■ Problem description
Print each line below verbatim, skipping every picture.

■ Source data
┌──

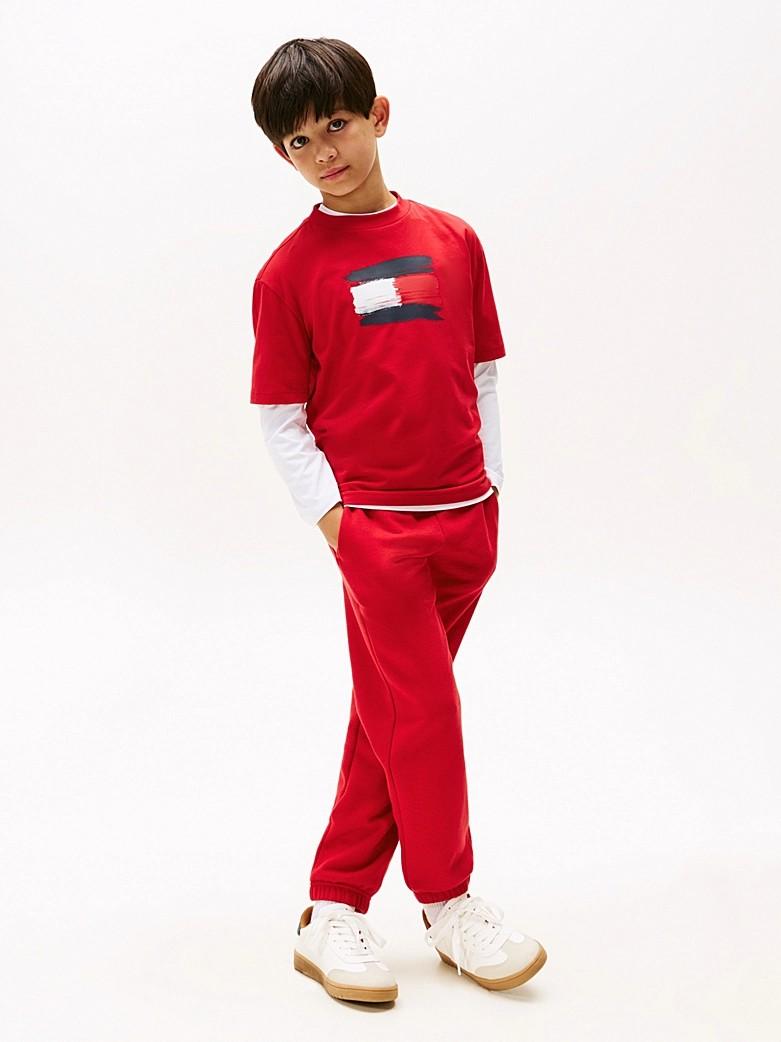 T-shirt in puro cotone con bandiera KB0KB10111T XLD TOMMY HILFIGER 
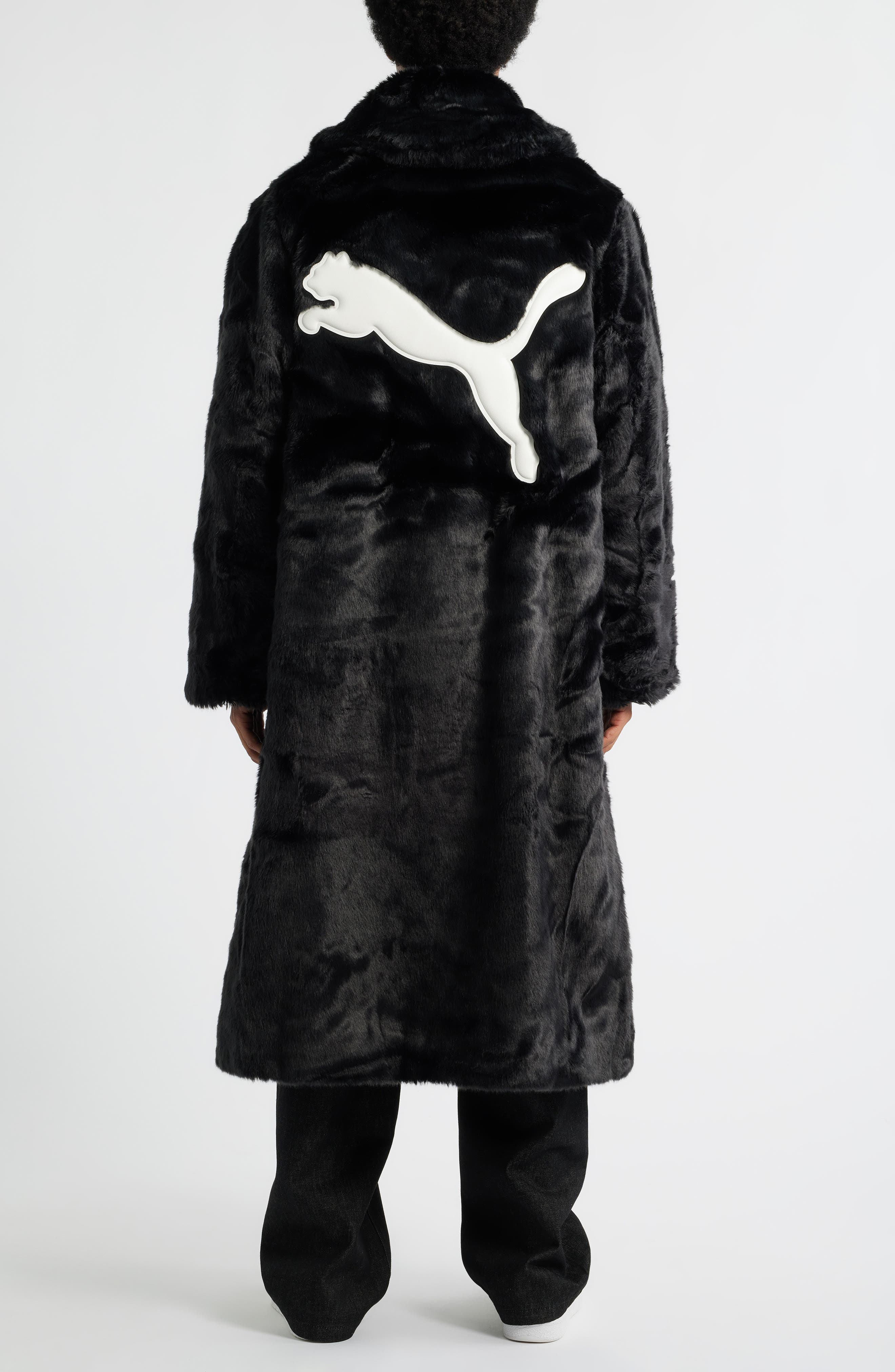 PUMA x A$AP Rocky Flacko Faux Fur Coat in Puma Black at Nordstrom - 2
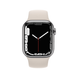 USED Apple Watch Series 7 GPS + LTE 41mm Silver Stainless Steel Case with Starlight Sport Band (MKHW3)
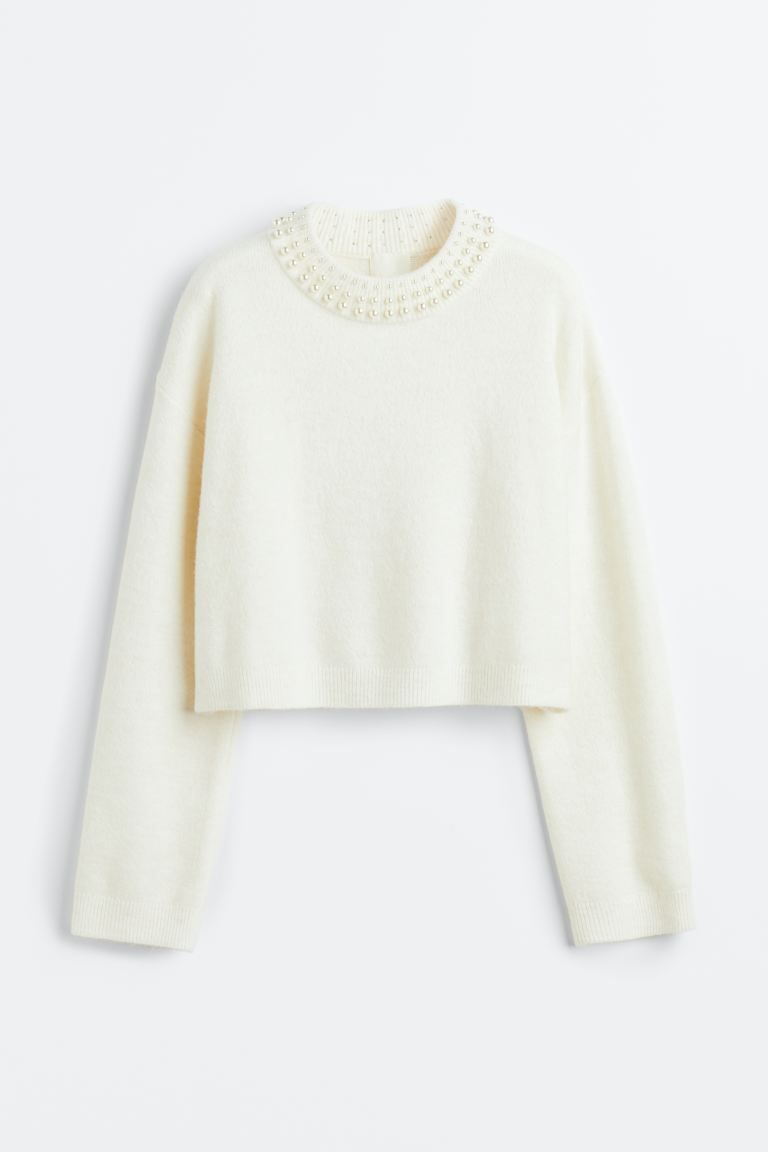 Beaded Sweater - Cream - Ladies | H&M US | H&M (US + CA)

└──

■ Written reply
 T-shirt in puro cotone con bandiera KB0KB10111T XLD TOMMY HILFIGER 
 PUMA x A$AP Rocky Flacko Faux Fur Coat in Puma Black at Nordstrom - 2
 USED Apple Watch Series 7 GPS + LTE 41mm Silver Stainless Steel Case with Starlight Sport Band (MKHW3)
 Beaded Sweater - Cream - Ladies | H&M US | H&M (US + CA)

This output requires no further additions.